Friday, October 5th, 2018

Inaccurate Barrett Dicta

(This post has been updated to discuss the amended opinion in Fiseku.)

The Second Circuit issued an opinion this week containing some facially incorrect, and substantively troubling, dicta concerning tits recent decision in Barrett. See United States v. Fiskeu, No. 17-1222 (2d Cir. 2018) (Cabranes, Lynch, Carney) (appeal from Engelmayer, J., S.D.N.Y.), opinion available here.

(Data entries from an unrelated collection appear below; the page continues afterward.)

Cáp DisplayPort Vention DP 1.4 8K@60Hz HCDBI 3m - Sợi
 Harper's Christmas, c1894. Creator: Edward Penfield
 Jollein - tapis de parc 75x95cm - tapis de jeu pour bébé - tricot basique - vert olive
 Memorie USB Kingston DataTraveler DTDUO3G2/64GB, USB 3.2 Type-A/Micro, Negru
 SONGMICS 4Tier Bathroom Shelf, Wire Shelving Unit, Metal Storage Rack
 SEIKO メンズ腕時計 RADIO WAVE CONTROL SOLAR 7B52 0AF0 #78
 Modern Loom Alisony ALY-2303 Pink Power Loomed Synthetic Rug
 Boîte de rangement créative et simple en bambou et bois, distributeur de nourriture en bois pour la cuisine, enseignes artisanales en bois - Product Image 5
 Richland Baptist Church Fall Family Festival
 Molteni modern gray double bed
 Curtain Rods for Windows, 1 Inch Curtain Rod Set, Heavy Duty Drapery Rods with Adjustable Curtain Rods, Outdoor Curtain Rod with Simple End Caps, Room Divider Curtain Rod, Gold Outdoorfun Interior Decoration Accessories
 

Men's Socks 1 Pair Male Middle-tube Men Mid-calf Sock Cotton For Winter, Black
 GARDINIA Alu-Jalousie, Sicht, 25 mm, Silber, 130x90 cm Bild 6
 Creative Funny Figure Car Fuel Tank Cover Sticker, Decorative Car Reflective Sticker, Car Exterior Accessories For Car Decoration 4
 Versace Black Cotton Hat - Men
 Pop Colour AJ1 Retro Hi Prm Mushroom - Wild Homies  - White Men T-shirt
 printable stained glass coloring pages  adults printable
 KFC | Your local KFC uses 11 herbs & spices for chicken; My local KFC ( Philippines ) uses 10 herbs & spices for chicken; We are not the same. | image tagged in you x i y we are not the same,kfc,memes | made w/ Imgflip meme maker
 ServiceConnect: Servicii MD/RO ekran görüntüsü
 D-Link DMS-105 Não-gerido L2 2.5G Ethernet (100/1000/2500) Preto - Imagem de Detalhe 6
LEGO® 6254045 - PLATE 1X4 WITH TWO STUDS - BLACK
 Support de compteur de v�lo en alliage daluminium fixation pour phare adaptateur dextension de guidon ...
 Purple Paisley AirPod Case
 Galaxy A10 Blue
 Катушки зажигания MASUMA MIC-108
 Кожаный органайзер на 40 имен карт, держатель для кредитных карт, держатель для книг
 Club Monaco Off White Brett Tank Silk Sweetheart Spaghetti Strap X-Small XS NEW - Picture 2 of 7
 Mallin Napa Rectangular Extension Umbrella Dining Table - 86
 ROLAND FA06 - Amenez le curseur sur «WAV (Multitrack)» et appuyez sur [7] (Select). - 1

The narrow, fact-specific holding of Fiseku is that under the “unusual circumstances” presented in the case, police officers did not act unreasonably when they briefly restrained the defendant in handcuffs while conducting a investigatory stop. Slip op. at 18. However, the defendant also raised an ineffective assistance claim because his defense attorney failed to argue that his crime of conviction, conspiracy to commit Hobbs Act robbery, was not a crime of violence within the meaning of U.S.S.G. 4B1.2. The Second Circuit declined to address this claim on direct review.

In so declining, the panel offered this footnote:

In a recent decision, we determined that conspiracy to commit Hobbs Act robbery meets the definition of a “crime of violence” in the Armed Career Criminal Act, 18 U.S.C. § 924(c)(3)(A). United States v. Barrett, — F.3d —, No. 14‐2641‐CR, 2018 WL 4288566, at *1 (2d Cir. Sept. 10, 2018). That provision is worded identically to the “force clause” provision in section 4B1.2(a)(1) of the Guidelines, and so Barrett offers persuasive authority that Fiseku’s crime of conviction similarly meets the Guidelines definition of a “crime of violence.” United States v. Walker, 595 F.3d 441, 443 n.1 (2d Cir. 2010). We have not officially so held, however, and we need not do so in this appeal.

Slip op. at 18 n.8.

This footnote is inaccurate in two important respects:

-The Armed Career Criminal Act (ACCA) is not codified at § 924(c)(3)(A). See 18 U.S.C. § 924(e).

-More seriously, Barrett did not hold that conspiracy to commit Hobbs Act robbery was a “crime of violence” with the meaning of § 924(c)’s force clause, 18 U.S.C. § 924(c)(3)(A). Rather, under two separate theories, it held that the offense can be a crime of violence under § 924(c)’s residual clause 18 U.S.C. § 924(c)(3)(B). First, it held that conspiracy to commit Hobbs Act robbery is a crime of violence under the residual clause because the predicate offense is a crime of violence under the force clause. See, e.g.Barrett, No. 14-2641, slip op. at 16 (concluding that conspiracy to commit Hobbs Act robbery is a crime of violence “by applying the elements of that crime to § 924(c)(3)(A) together with§ 924(c)(3)(B) (emphasis added). Second, it held that the residual clause can be applied by examining case-specific conduct, and that the defendant’s conduct in Barrett rendered his offense a crime of violence. See id. at 22 (“Section 924(c)(3)(B) can be applied to a defendant’s case- specific conduct, with a jury making the requisite findings about the nature of the predicate offense and the attending risk of physical force being used in its commission.”) Thus, Barrett‘s conclusion with respect to conspiracy to commit Hobbs Act robbery relies on its threshold determination that the residual clause of § 924(c) is not constitutionally vague—a conclusion that three other Circuits have thus far rejected.

Practitioners should take care not to be mislead by this inaccurate characterization of Barrett!